Accompanied by Edmund Bartlett, the minister of tourism, Daryll Vaz and representatives from the diplomatic corps, he thanked “in advance” the organization founded in 1982, which has contributed more than $11 million to needy organizations on the island.
He also echoed statements from the United Kingdom’s Prince Charles, the Prince of Wales who sent a videotaped message expressing his concern for disadvantaged youths from a Kingston community he identified to be Rose Town.
The royal ambassador outlined his concern about gang violence on the island and expressed a desire to help AFJ with their efforts to “instill a sense of pride and belonging” to disfranchised individuals.
He also talked about Rose Town and lauded AFJ for establishing a library and community center there.
Holness and the prince also commended Denis O’Brien, founder of Digicel and AFJ’s 2011 honoree.
While in New York, Holness met with corporate and business executives during a luncheon and was encouraged to extend his stay for a third day.
He returned home in time for a Jamaica Labor Party conference, which began on Nov. 19.
Dancehall deejay Shaggy joined reggae super-group Third World to provide entertainment.
Also present at the gala were Pamela Bridgewater, U.S. ambassador to Jamaica and Audrey Marks, Jamaica’s ambassador to the USA, John Lynch, director of tourism and Daryll Vaz, member of parliament and former minister of information.
“Here & Now” Replaces “Like It Is”
WABC-TV debuted “Here & Now” a new one-hour, public affairs program which replaces the popular “Like It Is” show hosted by Gil Noble.
On its premiere airing on Oct. 30, ABC reporter Sandra Bookman hosted the lounge-styled replacement talking about various issues.
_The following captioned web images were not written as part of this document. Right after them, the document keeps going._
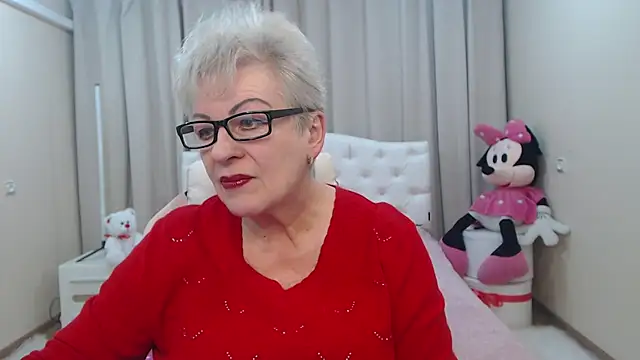 KayleSmoll online show from February 2026 07:34:02 PM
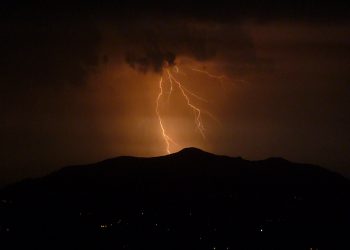 Κινητοποίηση της Πυροσβεστικής Υπηρεσίας Τρικάλων εξαιτίας …κεραυνού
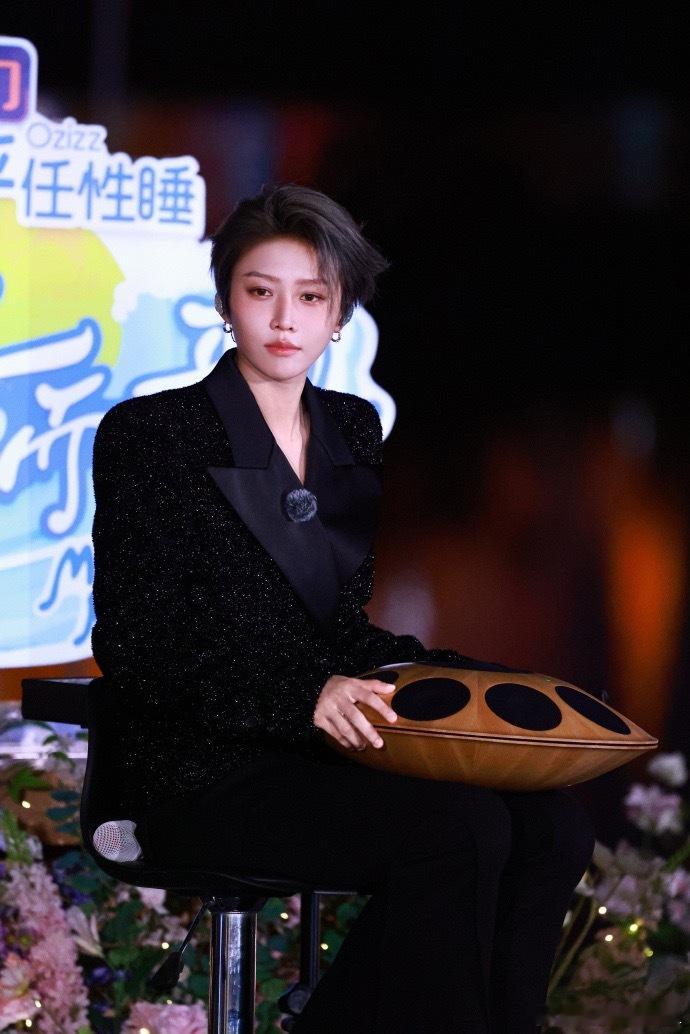 刘雨昕官宣超燃青春的合唱 从演唱会到《超燃青春的合唱》，一路用舞台说话。这次不是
She interviewed rhythm & blues singer Dione Warwick who recorded a song of the same title, “Here & Now.”
The program made its debut amidst a sea of controversy including protest demonstrations outside the television studios with community activists calling for continued broadcast of the longstanding Black, community-oriented showcase. One of their demands was to retain the original title as well as hire broadcaster Gary Byrd to host.
Reportedly, the station will hire rotating reporters to fill the slot.
JA Politician Pledges “Endless Love” For Former First Lady
Jamaica may be the focus of another celebrated wedding when former first lady Beverley Anderson Manley says “I Do” to her longtime companion Dr. D.K. Duncan. After years of public courting, the firebrand politician kneeled before his 70-year-old lover and within earshot of guests to her birthday party proposed marriage.
The couple did not disclose details to their future nuptials but it was revealed that the date would be soon.
According to reports the couple looked picture-perfect with Manley enthused that her husband-in-waiting parodied a Lionel Richie hit song to punctuate his sentiment. Duncan parodied the words to “Endless Love.”
Reportedly, Manley responded singing “Have I Told You that I love You.”
It is understood that the romantic aspect of the proposal pleasantly awed guests at the birthday celebration.
The former broadcast journalist was married to Michael Manley from 1972 to 1990.
Since that time she has been romantically linked to the opposition People’s National Party member.